In dosi generose, viceversa, è causa di varie patologie, tanto che la “World Heart Federation” sostiene la necessità di un’azione urgente per affrontare l’aumento, senza precedenti, di morte e invalidità nel mondo correlato all’alcol. Nel 2019, oltre 2,4 milioni di persone sono morte a causa dell’alcol.

L’argomento è ovviamente complesso e dovrebbe tenere conto oltre che della quantità di alcol assunta, dell’età dei bevitori e del contesto culturale. In particolare il vino non può essere etichettato come alcol e basta, è molto di più.

Ritorno a pensare al vino come parte integrante del mondo che mi circonda e, mentre l’auto corre per vie tortuose, eccomi di nuovo ad osservare il paesaggio fatto di squarci di rara bellezza, ma che si confonde, di tanto in tanto, con le numerose pale eoliche disseminate sul territorio.  Mimmo continua a guidare, tra poco giungeremo a Cancellara ad ammirare il Castello Federiciano.

Mi ritornano alla mente alcuni versi di Rocco Scotellaro: “Mettete il vino, beviamo stasera / è fuggito il broncio dalla faccia. / Erano le foglie ritte alle robinie / lungo le siepi i rovi erano bianchi. / Le viti si aggrovigliano a levante / dove le chiama il primo vento. / Era tempo.

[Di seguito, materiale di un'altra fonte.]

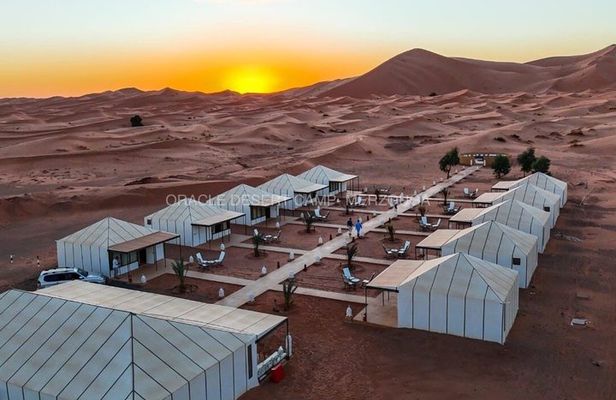 Overnight stay in luxury desert camp camel ride &sandboarding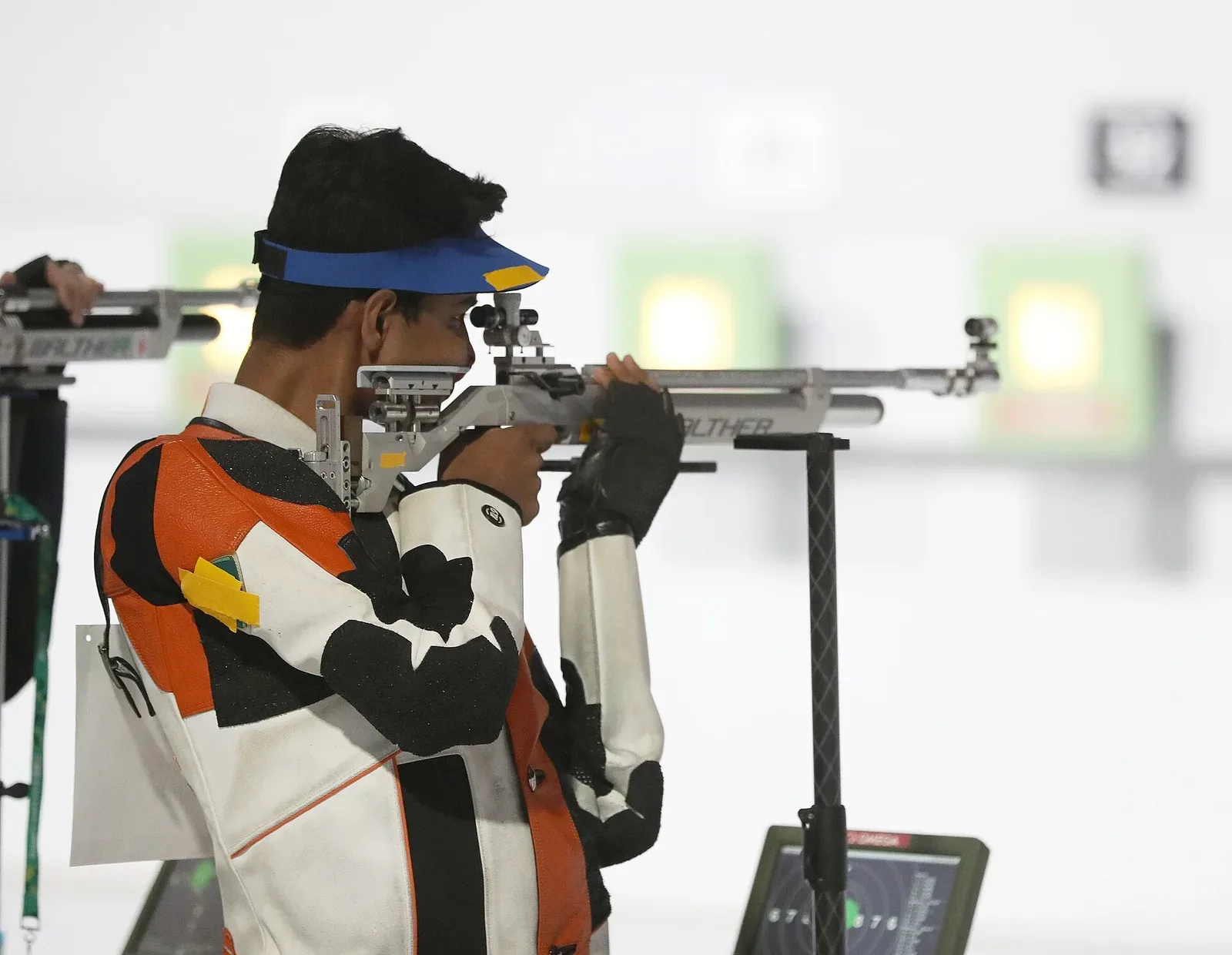 Young male athlete in shooting stance at 10-meter air rifle competition, aiming downrange at an Olympic venue with proper competition setup and positioning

La pioggia che si smaglia / Mette le ciglia ai chicchi nella paglia, / c’è sempre un seme che germoglia da solo: / Mettete il vino, beviamo stasera.”

Al rientro a casa digito su internet “M. Leone Barbella” e scopro: Michele Leone Barbella poeta, nato a Pietragalla nel 1950 e deceduto a Salerno, suicida, nel 2010. Leggo alcune sue poesie, mi piacciono… è l’inizio di un nuovo viaggio.